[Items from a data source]
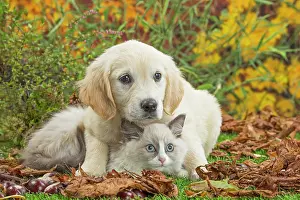 Ragdoll: 80201935 Dog and Cat - Golden Retriever with Ragdoll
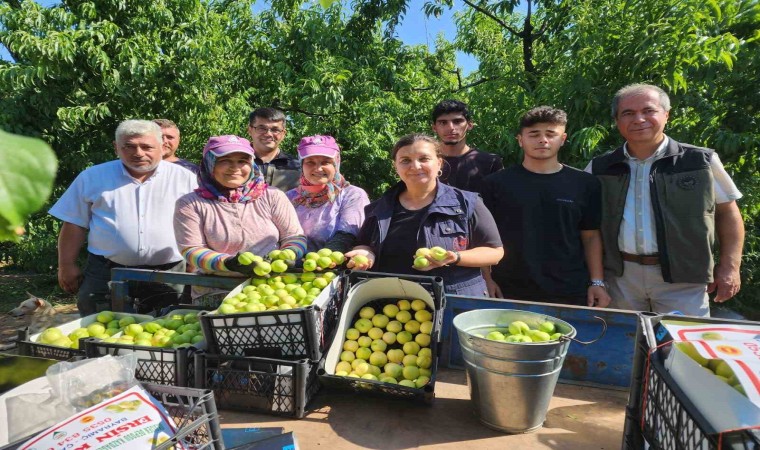 Bayramiç beyazında 20 bin ton üretim bekleniyor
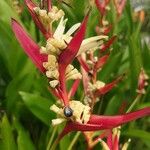 Heliconia psittacorum 花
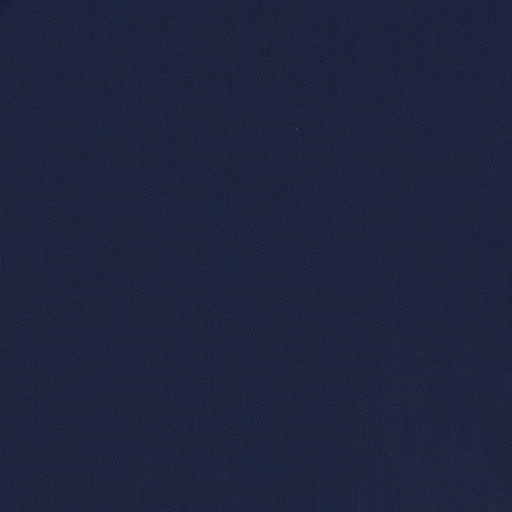 [660134] BLUE,BIRDEYE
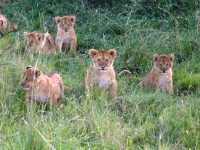 местная фауна - фотогалерея на RCC-TRAVEL.RU местная фауна - фотогалерея на RCC-TRAVEL.RU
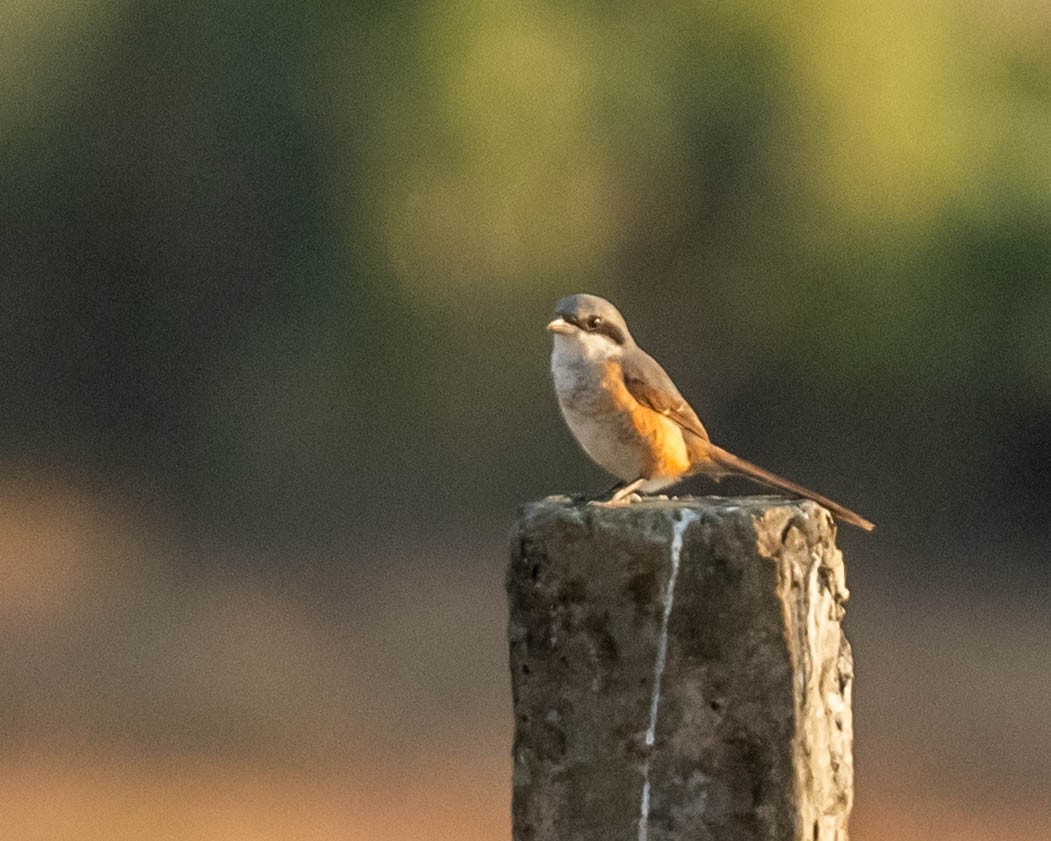 Gray-backed Shrike - ML628187123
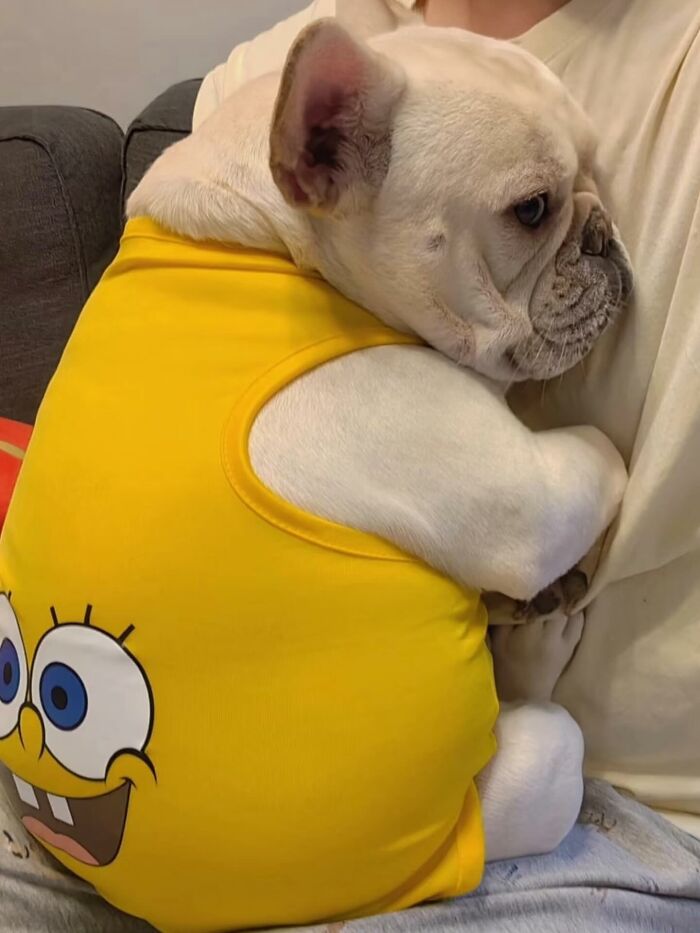 50 Times This Page Showcased Adorable Chonky Pets And Wildlife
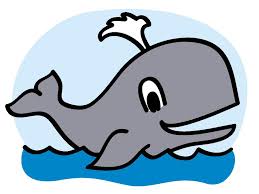 More images for whale cartoon drawing » Cartoon Sea Whale Drawing Free Image Download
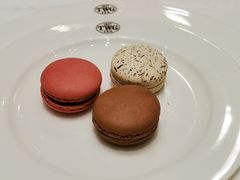 -TWG Tea(台北101购物中心沙龙及精品门市)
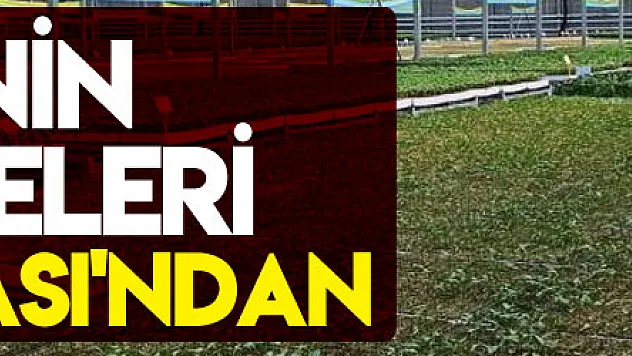 Türkiye'nin sebze fideleri Bafra Ovası'ndan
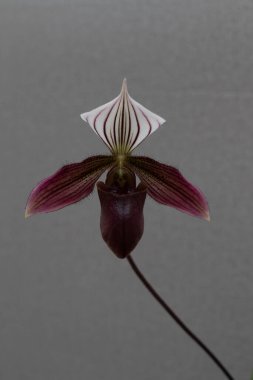 Tarafsız bir arkaplanda Paphiopedilm orkidesi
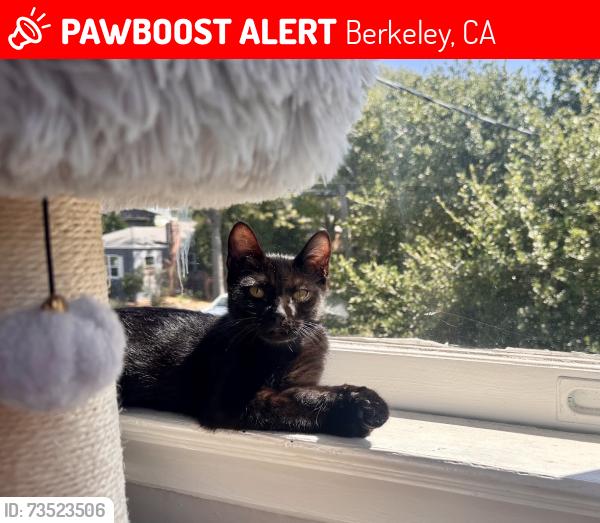 Lost Female Cat last seen Derby Street, Berkeley, CA 94705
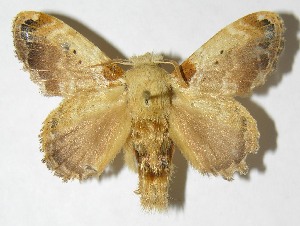  ( - 08-SRNP-5074)  @14 [ ] CreativeCommons - Attribution Non-Commercial Share-Alike (2009) Daniel H. Janzen Guanacaste Dry Forest Conservation Fund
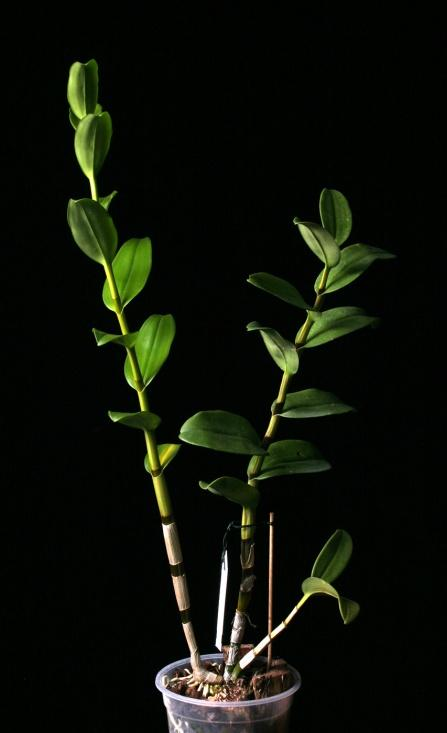 podčeleď Epidendroideae -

- **What is required**
Please copy the data above character for character, skipping any pictures.

- **Expected output**
 Ragdoll: 80201935 Dog and Cat - Golden Retriever with Ragdoll
 Bayramiç beyazında 20 bin ton üretim bekleniyor
 Heliconia psittacorum 花
 [660134] BLUE,BIRDEYE
 местная фауна - фотогалерея на RCC-TRAVEL.RU местная фауна - фотогалерея на RCC-TRAVEL.RU
 Gray-backed Shrike - ML628187123
 50 Times This Page Showcased Adorable Chonky Pets And Wildlife
 More images for whale cartoon drawing » Cartoon Sea Whale Drawing Free Image Download
 -TWG Tea(台北101购物中心沙龙及精品门市)
 Türkiye'nin sebze fideleri Bafra Ovası'ndan
 Tarafsız bir arkaplanda Paphiopedilm orkidesi
 Lost Female Cat last seen Derby Street, Berkeley, CA 94705
  ( - 08-SRNP-5074)  @14 [ ] CreativeCommons - Attribution Non-Commercial Share-Alike (2009) Daniel H. Janzen Guanacaste Dry Forest Conservation Fund
 podčeleď Epidendroideae -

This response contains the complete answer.